Proteinadsorption als Grundlage der Biofilmbildung ist in vielen Bereichen der Medizin und Materialwissenschaften ein wichtiges Thema. Ziel der vorliegenden Arbeit war ein größeres Verständnis der molekular ablaufenden Prozesse bei der Proteinadsorption. Da die Adsorption der Proteine von vielen komplexen Parametern abhängt, wurde versucht mit Hilfe des Rasterkraftmikroskops und der dynamischen Kontaktwinkelanalyse verschiedene Bereiche in der Wechselwirkung Protein­ Oberfläche zu beleuchten.

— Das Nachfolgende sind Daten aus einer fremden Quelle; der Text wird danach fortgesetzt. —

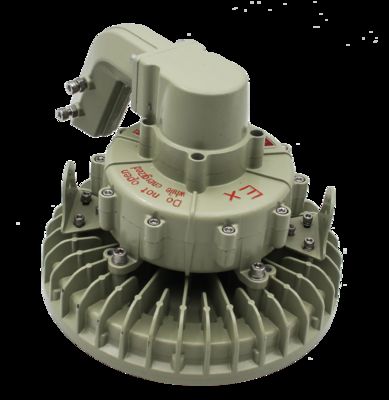 Lampu High Bay LED Tahan Ledakan Kelas I Divisi 1 & 2 100W 150W 200W ATEX IECEx untuk Bilik Semprot Cat & Kilang Minyak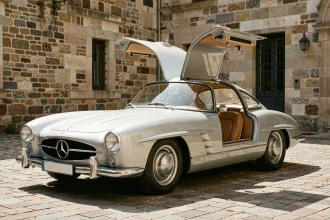 Mercedes 300 SL Gullwing coupé 1954 avec portes papillon ouvertes sur cour en pierre européenne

Den Schwerpunkt dieser Arbeit bilden Adhäsionskraftmessungen zwischen einem Protein und einer Oberfläche mittels Rasterkraftspektroskopie. Dazu wurden Proteine an den Messsensor spezifisch gebunden und Kraftabstandskurven in Abhängigkeit verschiedener Parameter wie Kontaktzeit und pH-Wert der Flüssigkeit aufgenommen und ausgewertet. Ein wichtiger Punkt war dabei eine neue Proteinfixierung durch Silanisierung (3-Aminopropyltriethoxisilan (APTES)) zu testen und zu optimieren. Als nächster Schritt wurden die Adhäsionskräfte von Amylase auf einer nativen und einer mit Octadecyltrichlorosilan (OTS) belegten Siliziumschicht verglichen. Beide Oberflächen dienen als Modelloberfläche hinsichtlich ihrer Hydrophobie bzw. Hydrophilie, um die entropischen bzw. enthalpischen Beiträge zur Abrisskraft herausfiltern zu können. Danach wurden zwei Prototypen von Zahnfüllungsmaterialien (FAP und FAPS), die sich durch einen zusätzlichen Prozessschritt bei einer der Proben unterscheiden, miteinander verglichen. Hierfür wurden die Proben rasterkraftmikroskopisch untersucht, die chemische Zusammensetzung mittels Flugzeitmassenspektrometer verglichen und anschließend die Abrisskräfte von Amylase auf den Oberflächen gemessen. Um einen direkten Vergleich zwischen Imitation und Natur zu erhalten, wurde das kommerziell erhältliche Zahnfüllungsmaterial Dyract AP mit Rinderzahnschmelz verglichen. Dafür wurde die Topologie der Materialien mittels Rasterkraftmikroskopie untersucht und die Abrisskräfte bestimmt. In einem weiteren Schritt wurde ein in vivo gebildeter 60-Minuten-Pellikel auf diesen Oberflächen untersucht. Zum Abschluss wurden Protein-Protein-Wechselwirkungen zwischen Amylase und drei Proteinschichten (Lysozym, Rinderserumalbumin und Amylase) in Abhängigkeit der isoelektrischen Punkte der drei Proteine untersucht. Alle untersuchten Systeme zeigten ein wechselwirkungszeitabhängiges Verhalten, das durch Konformationsänderungsprozesse des Proteins bei Kontakt der Oberfläche erklärt werden kann. Im Rahmen eines dazu passenden kinetischen Modells wurde die Reaktionskinetik für die unterschiedlichen Protein-Oberfläche-Systeme betrachtet. Die Messungen bei verschiedenen pH-Werten zeigten, dass für bestimmte Oberflächen/Proteinschichten die elektrostatischen Wechselwirkungen eine große Rolle spielen.

Bei dynamischen Kontaktwinkelmessungen (Wilhelmy-Waage) wurden die Fortschreit- und Rückzugswinkel für Aussagen bezüglich der pH-Wert-Abhängigkeit der Proteinschichten Lysozym, BSA und Amylase verwendet. Zusätzlich wurden mehrzyklische Adsorptionsexperimente mit Lysozym und BSA auf den zwei Modelloberflächen Siliziumdioxid und OTS durchgeführt. Die Oberflächen zeigen eine zunehmende Homogenisierung bei Proteinadsorption.